Losing your job can deal a financial blow to you and your family that makes it difficult to maintain your lifestyle, let alone keep up with your monthly bills. Are you prepared should the worst happen? It’s smart to anticipate unexpected financial burdens, such as unemployment.
Think about how much of your monthly savings you could dedicate to an emergency fund, to help you get through the tough times. Try to create a financial plan for dire straits that allows you to preserve your credit score, as it will be crucial to your cash flow and possibly finding a new job. Employers in some states use a candidate’s credit report to aid in hiring decisions.
To remain afloat you will have to think strategically and make some tough choices. Part of your new budget will involve exploring different ways to cut back on your current spending, while freeing up financial resources for your necessities and monthly obligations.

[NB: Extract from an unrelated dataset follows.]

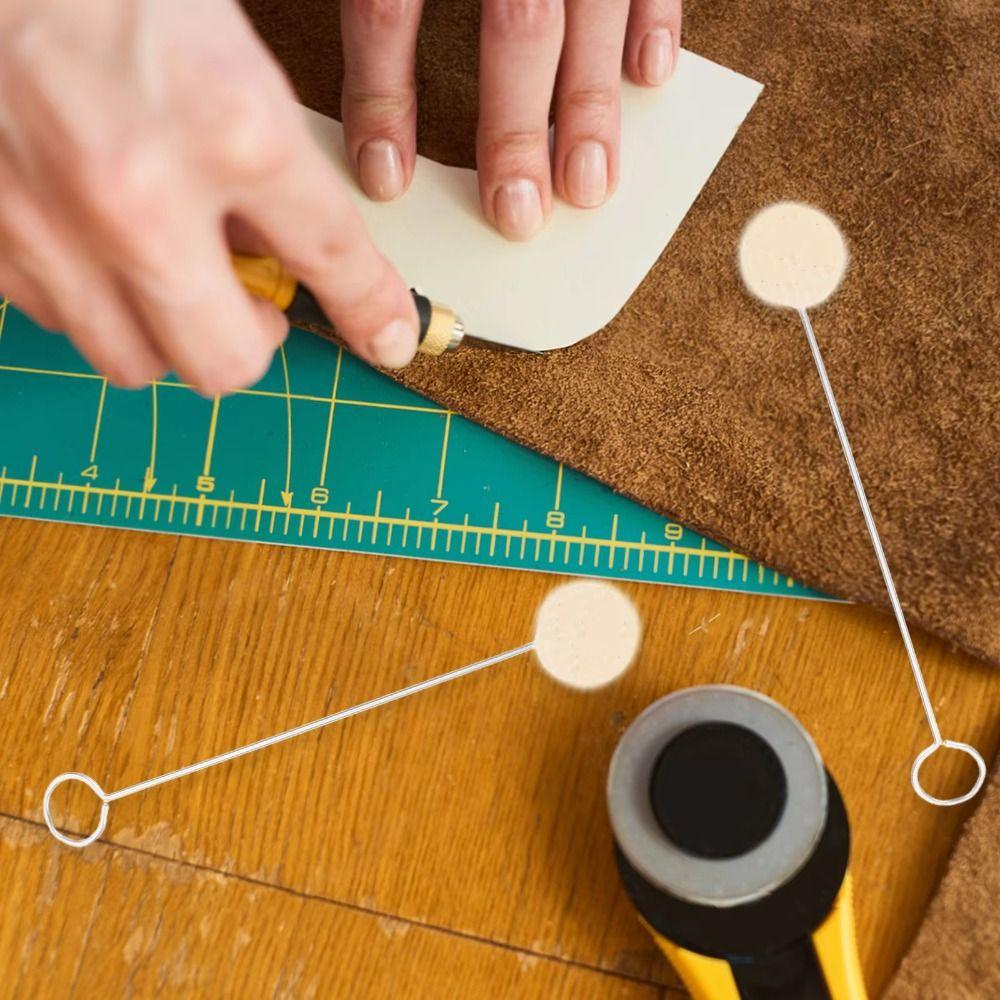 100Pcs DIY Craft Leather Wool Balls Painting Brush Leather Dyeing Applicator  Bowling Shoe Brush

Staying on top of your payments during a period of unemployment is critical to protecting your good credit score. At this point, it’s perfectly acceptable to reduce your inflated loan or credit card payments down to the minimum. That said, do not miss a payment: this will cause a delinquency to appear on your credit report. The late payment is recorded as 30, 60, 90 or 180 days late, and may cause your credit score to severely drop. If at any point you worry you cannot meet the minimum payments – call your creditors and ask about their hardship options. Also, if you are just trying to plan ahead think about adding on payment protection insurance. Many banks and credit cards offer it for unemployment. You pay a small percentage of your monthly balance, so should you need to activate the benefit your payments are covered and so is your credit score.
A great way to deal with the financial stress and anxiety brought on by unemployment is to create a money management plan. Key to that plan will be preserving your good credit and relying on income from unemployment, as well as savings, rather than growing debt.